11 Os 176/81OGH15.12.1982

Vgl auch

11 Os 201/83OGH11.01.1984

Vgl auch

13 Os 178/98OGH13.01.1999

Vgl auch; Beisatz: Hier: Unterlassung einer zureichenden Begründung für die Ablehnung des (Alibi-)Beweisantrages. (T3)

13 Os 93/01OGH12.12.2001

Vgl auch; Beisatz: Ein abweisliches Zwischenerkenntnis, das bloß mit der lapidaren Floskel "wegen geklärter Sachlage und Rechtslage" "begründet" wurde, ist im Allgemeinen nicht ausreichend, um die Erwägungen, von denen der Gerichtshof erster Instanz ausgegangen ist, erkennen und prüfen zu können.

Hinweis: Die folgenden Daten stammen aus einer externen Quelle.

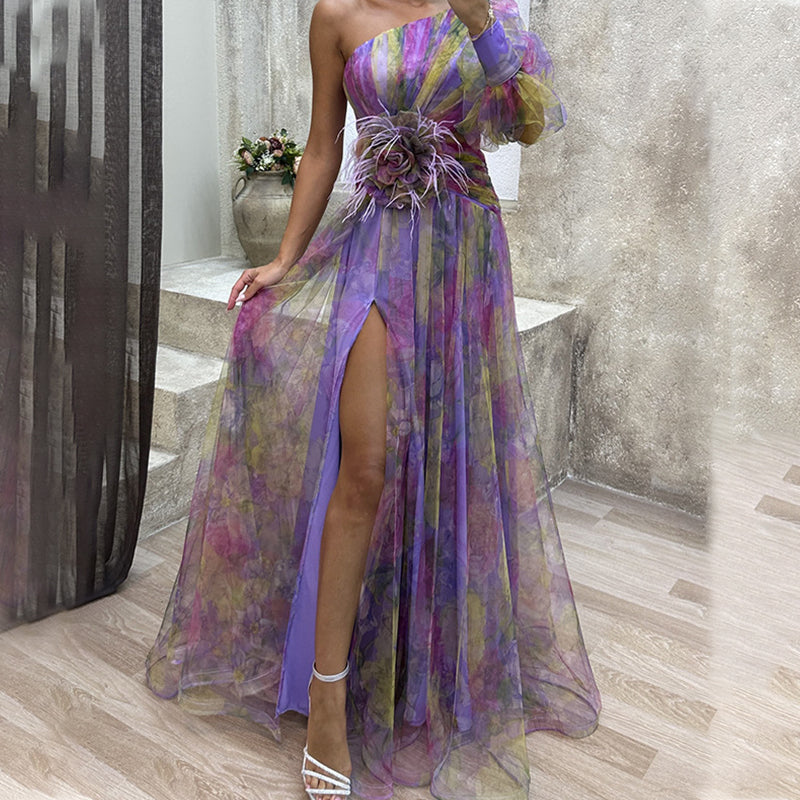 ✨【Slimming Wizard】Colorblock Mirage Dress ✨ | Diagonal Seam Illusion | Arm-Covering Flutter Sleeves | Back Zipper for Perfect Fit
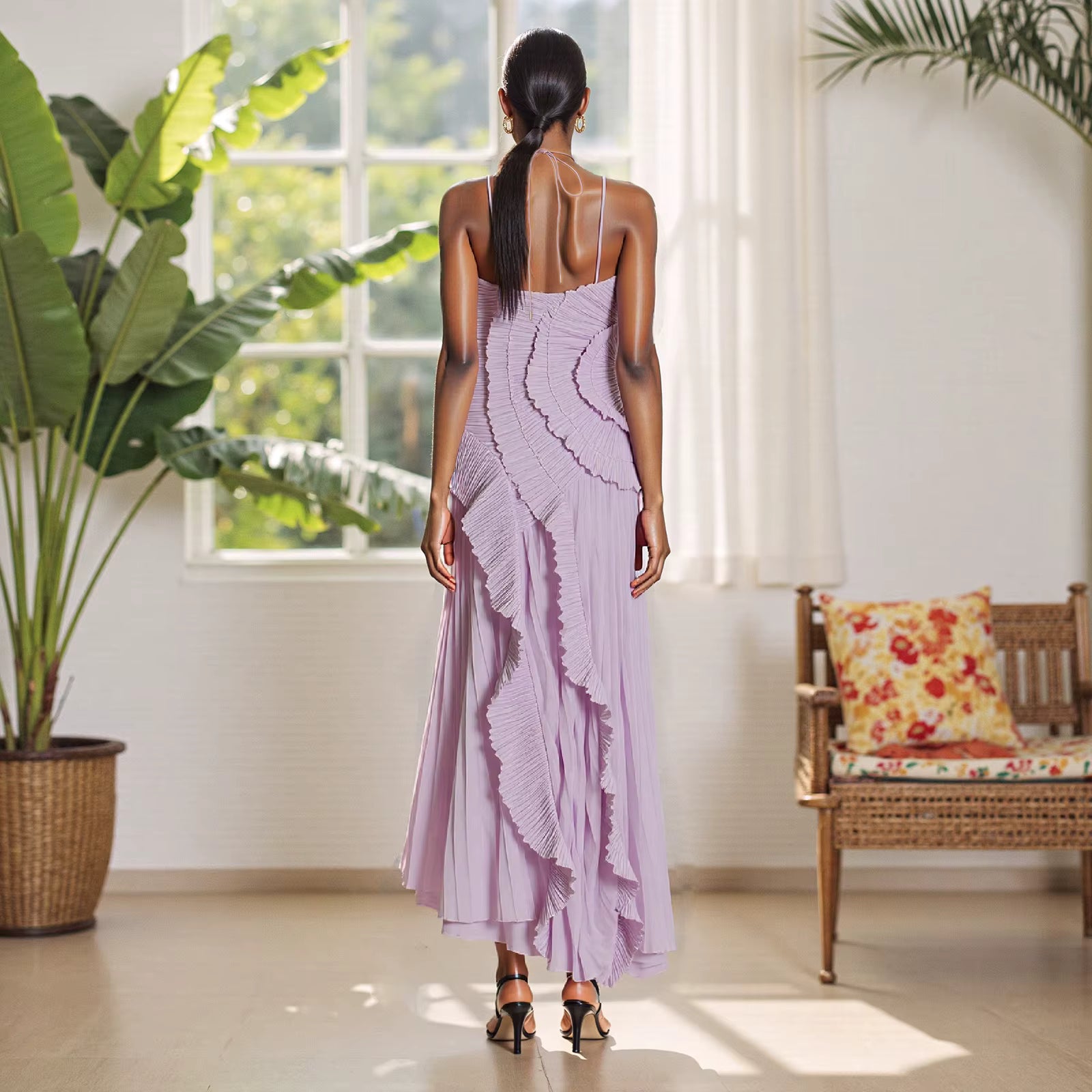 Vestido Assimétrico Tendência Lilac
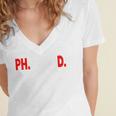Doctorate PhinisheD PhD Graduation Premium Women's Jersey Short Sleeve Deep V-Neck Tshirt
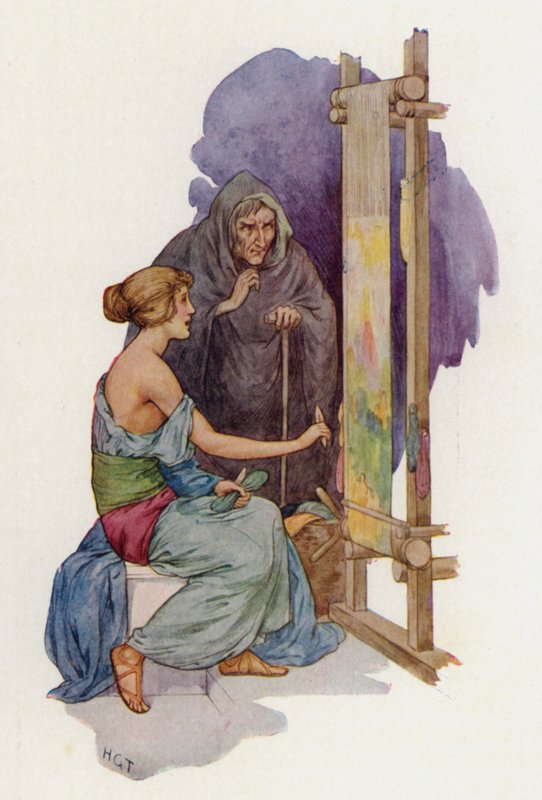 Arachne wordt in een spin veranderd door een vermomde Minerva (kleurenlitho) door Harry George Theaker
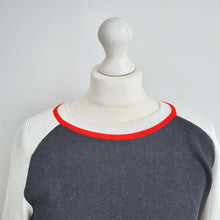 Load image into Gallery viewer, Belstaff Jumper Women's Star Cotton Nylon Black Red Knit Sweater Crew Large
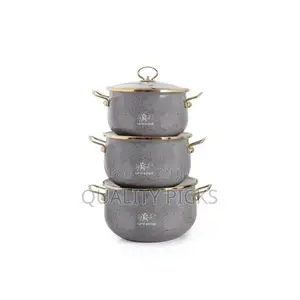 Life Smile 6 Pieces of Granite Non-Stick Serving/Saucepans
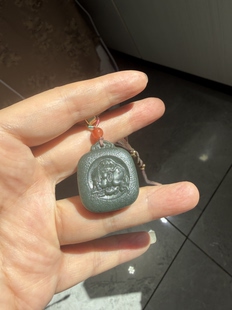 天然和田玉青玉大象吉祥如意吊坠男女钥匙挂615号带证书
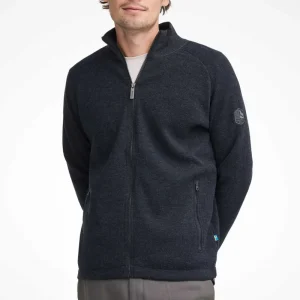 HENRY FULL ZIP WB, 100% FINE MERINOULL — GRAPHITE MARL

Wenn sich jedoch das vom Antragsteller angestrebte Ergebnis von vornherein als ungeeignet zeigt, auf die Entscheidung irgendeinen Einfluss zu üben, weil es nur für die Konstatierungen unerhebliche Nebenumstände betrifft, die ablehnende Entscheidung daher im Ergebnis richtig ist, liegt kein Nichtigkeit begründender Verfahrensmangel vor. (T4)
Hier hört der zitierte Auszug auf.